World of Goo Releases Rapid Prototyping Framework - peter123
http://2dboy.com/2009/05/27/rapid-prototyping-framework/
======
jsonscripter
Woo! It has the "do whatever you want with this framework" license, too!

Someone should port it to Linux and OS X, or at least have some instructions
for those platforms. I'm sure it will work on those, as WoG is available.

Also: If you even mildly enjoy casual games, I would highly recommend playing
and/or purchasing World of Goo. It has wonderful artwork and a some very nice
pop-culture critiques between the lines.

------
nihilocrat
I took a look at the source and demo apps, and it's a pretty minimal
framework, providing only a few things and a series of conveniences that you
won't get with pure SDL. Still, what it aims to do it does pretty well, you
will just have to do lots of Model-side heavy lifting, as there's no collision
code or other such handy things. I presume this is because many games could
ask for many approaches to those problems.

------
avinashv
This is cool--and public domain? That's awesome.

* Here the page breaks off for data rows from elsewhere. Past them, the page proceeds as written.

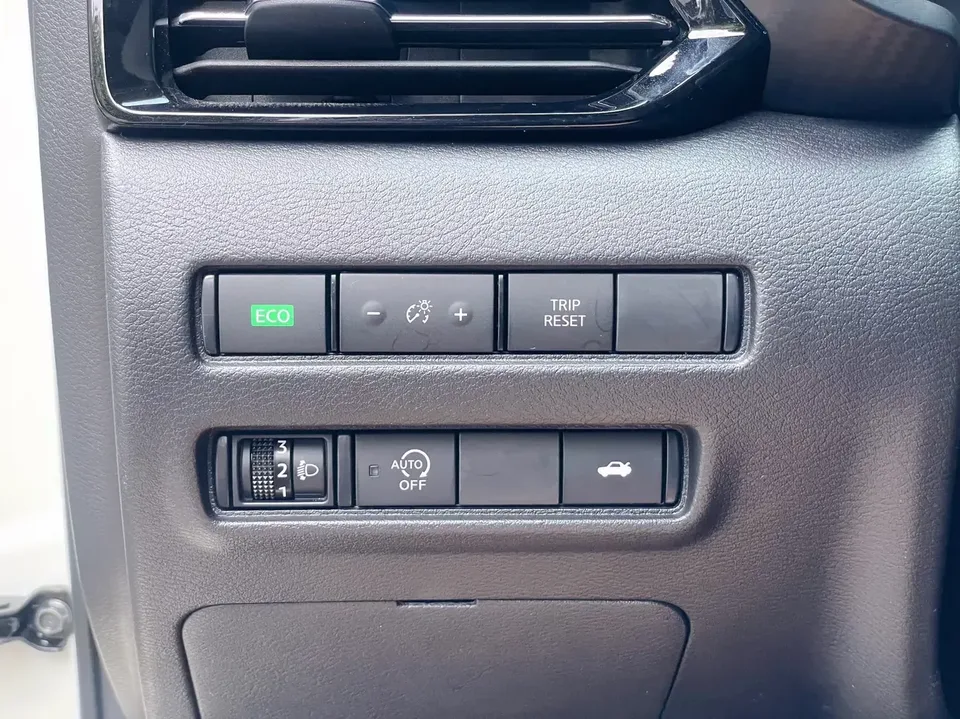 Nissan Sylphy Sylphy 2022 1.6L XL CVT Enjoy Edition 2023 — thumbnail 5
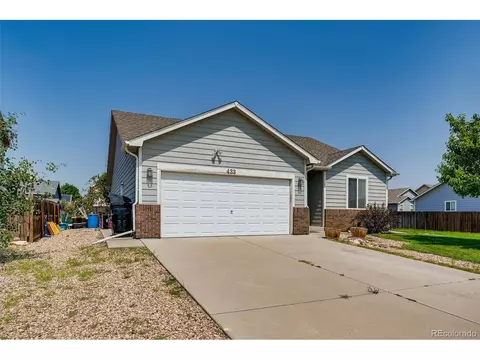 433 E 28th Street Ln, Greeley, CO 80631 photo 2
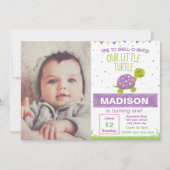 紫の亀の誕生日招待状と写真 招待状 (正面)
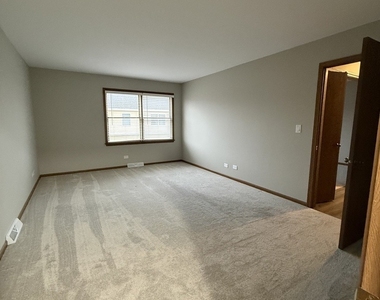 45 Spuhler Street - Photo Thumbnail 10
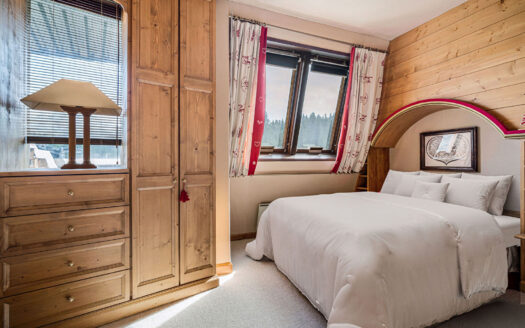 Courchevel | Charming 3-Bed Duplex in Jardin Alpin with Renovation Potential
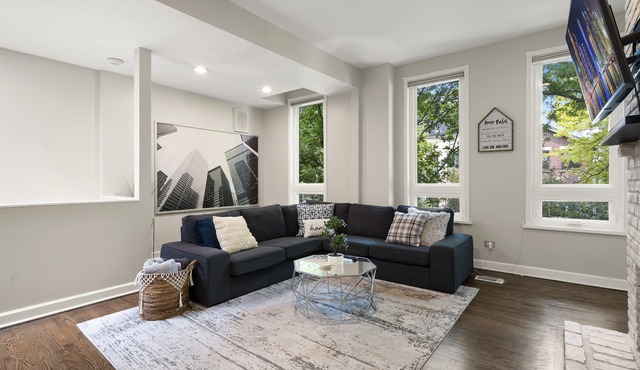 LUXURIOUS LINCOLN PARK Home w/Rooftop +parking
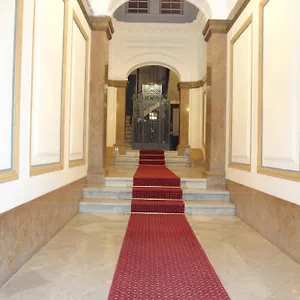 https://hostal-sant-carlo.catalonia-hotels.com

For the record, it's _2D Boy_ that released the framework, not the piece of
software World of Goo.

------
richcollins
Hard to understand how a gaming framework without a scripting component could
be considered "rapid prototyping".

<http://love2d.org/> is a similar wrapper around SDL, but you script it using
Lua.

------
danw
This is great. Not entirely surprising since world of goo started out as an
app built in a week as part of a series of rapid prototypes built by competing
graduate students
[<http://www.gamasutra.com/features/20051026/gabler_pfv.htm>]